Sistema carcerário brasileiro: problemas e soluções
Enviada em 22/07/2020
Lançada em 2013, a série televisiva estadunidense “Oragnge Is The New Black”, laranja é o novo preto, em português, relata o cotidiano de mulheres presas. No decorrer da história, seu autor critica o sistema carcerário do país, marcado, majoritariamente, pela violência e por injustiças sociais. Análoga a isso está a situação das prisões brasileiras, cuja população, de acordo com o Ministério da Justiça (MJ), cresceu em quase 70% nos últimos 30 anos. Com essa realidade, as cadeias nacionais comportam quase 800 mil pessoas. Nesse contexto, vale analisar que o sistema carcerário brasileiro enfrenta obstáculos, sobretudo, em relação à falta de investimento governamental somada à negligência do Estado no que tange à ressocialização desses indivíduos.
Em primeiro lugar, é importante ressaltar a relevância do investimento estatal nas prisões nacionais. Nesse sentido, conforme o Conselho Nacional da Justiça (CNJ), menos de 1% dos presídios brasileiros estão em ótimo estado. Frente a isso, escassez de aplicação financeira implica, nas prisões do país, a falta de condições básicas necessárias à vivência desses indivíduos. A exemplo disso, pode-se citar a falta de cuidado com a higiene pessoal dos detentos, bem como absorventes e papel higiênico. Como prova disso, consoante o jornal Terra, presas afirmaram ter de usar alimentos como absorvente. Dessa maneira, percebe-se a negligência do governo em relação à infraestrutura das penitenciárias.
Além disso, é indispensável salientar a conveniência de medidas para a ressocialização dessa população nesse cenário. Sob essa perspectiva, escrita na década de 2000, a musica “Diário De Um Detento”, do “Racionais MC’s”, aborda sobre a dificuldade dos ex-presos para reintegrar-se na sociedade. Em vista disso, esses indivíduos, quando soltos, enfrentam obstáculos, como a exclusão social, marcada, principalmente, pela falta da oportunidades de emprego. A título de exemplo, em conformidade com o MJ, esse sistema se preocupa mais com o passado dos presos do que com o seu futuro na comunidade. Assim, fica clara a inércia governamental quanto à reintegração dessas pessoas.

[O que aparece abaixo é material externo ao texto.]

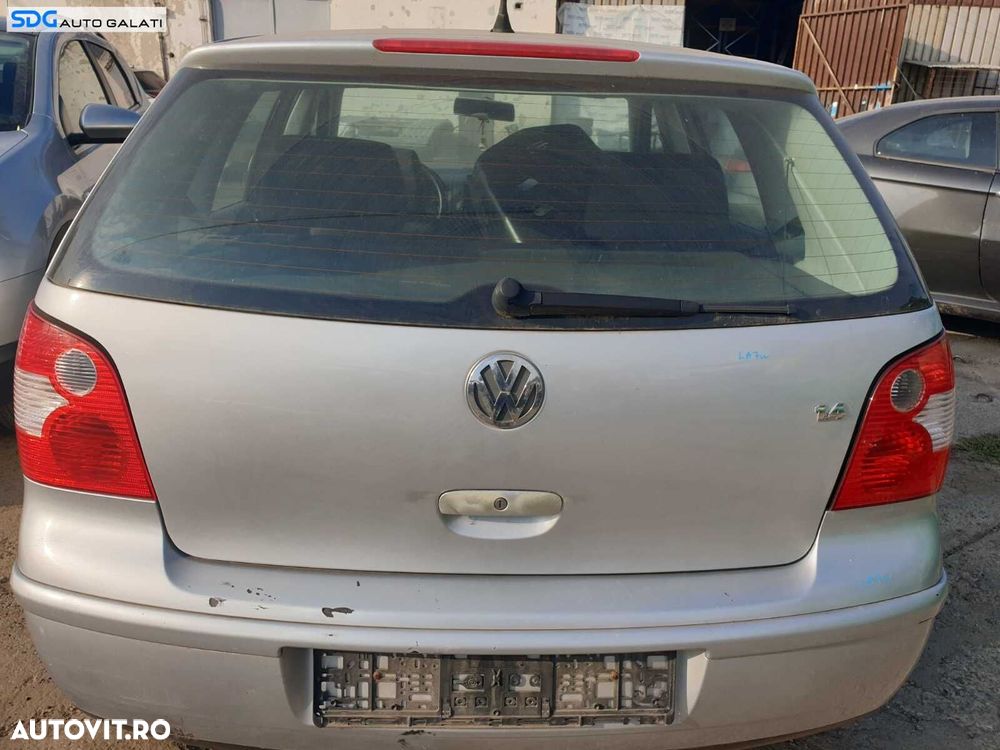 Hayon Haion Portbagaj Dezechipat cu Luneta Geam Sticla Volkswagen Polo 9N 2002 - 2008 Culoare LA7W - 1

Em síntese, os empecilhos do sistema carcerário brasileiro ocorrem devido à carência de investimentos estatais, associada à sua ineficiência em relação à ressocialização desses cidadãos. Logo, cabe ao Ministério da Cidadania (MDS), por meio de aplicação financeira, fornecer aos presídios os utensílios básicos, bem como materiais de higiene, necessários para a conservação da integridade de seus presos. Ademais, ele deve promover, mediante veículos comunicativos de amplo alcance, como as redes sociais, anúncios que alertem a população quanto à importância da aceitação dos ex-presidiários na sociedade, a exemplo do mercado de trabalho. Essas medidas devem ser tomadas com o fito de melhorar as condições de vida da população carcerária dentro e fora das prisões.